イヤホンズが挑んできた“音と言葉”の探究 『それが声優!』からはじまった物語、10年の歩みと楽曲群を辿る
「記憶」、『手紙』……イヤホンズが拓いた言葉と声で紡ぐ芸術作品
声優としてのスキルを注ぎ込んだ「あたしのなかのものがたり」のポエトリーな要素は、2020年にリリースされた3rdアルバム『Theory of evolution』収録の「記憶」にも引き継がれていく。「記憶」は、「あたしのなかのものがたり」の前日譚とも呼べる楽曲で、ポエトリーリーディングと日常の環境音が織り成す不思議な心地好さは、もはや芸術品と言ってもいいだろう。これら2曲とは趣向を変えて、“声”と“言葉”に対して異なる形でフォーカスしたのが、2021年にリリースされた「はじめまして」。この曲は手話と多言語がモチーフとして取り入れられており、さまざまな国の言語で“はじめまして”と挨拶したり、MVでは手話を披露したりと、イヤホンズの音楽がさらに多くの人に届くようなメッセージが込められた楽曲となっている。
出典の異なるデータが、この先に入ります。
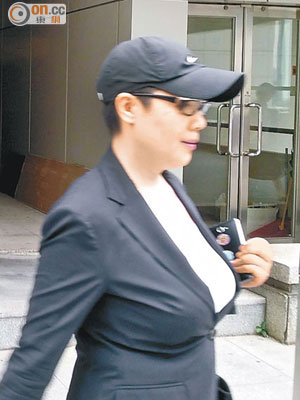 《新晚報》大股東兼總編輯夏萍，被判敗訴需還款二千萬元。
そして、昨年リリースされた最新アルバム『手紙』は、その名のとおり“手紙”をテーマにしたコンセプチュアルな作品。ラブレター、タイムカプセル、果ては盗まれたバイクへ宛てたという変化球まで、さまざまな視点で紡がれた手紙がしたためられている。しかし、どの曲も纏う空気感が温かいのが絶妙で、これも3人の歌声と表現力があってこその作品だろう。
ほかにも、ライブで盛り上がる人気曲「サンキトウセン!」や、全編ウィスパーボイスで展開される“お耳の恋人”楽曲「チュラタ チュラハ」など、彼女たちの楽曲には「次はこうきたか!」と唸るような挑戦に常に溢れている。イヤホンズで経験した活動はそれぞれの声優業の糧となり、そこで培ったスキルがイヤホンズへと還元されていく。このポジティブな相乗効果は、お互いの活動が長く続くことでさらに大きな可能性へと進化していくのだろう。10周年を迎えたイヤホンズはここからさらに大きく羽ばたいていくに違いない。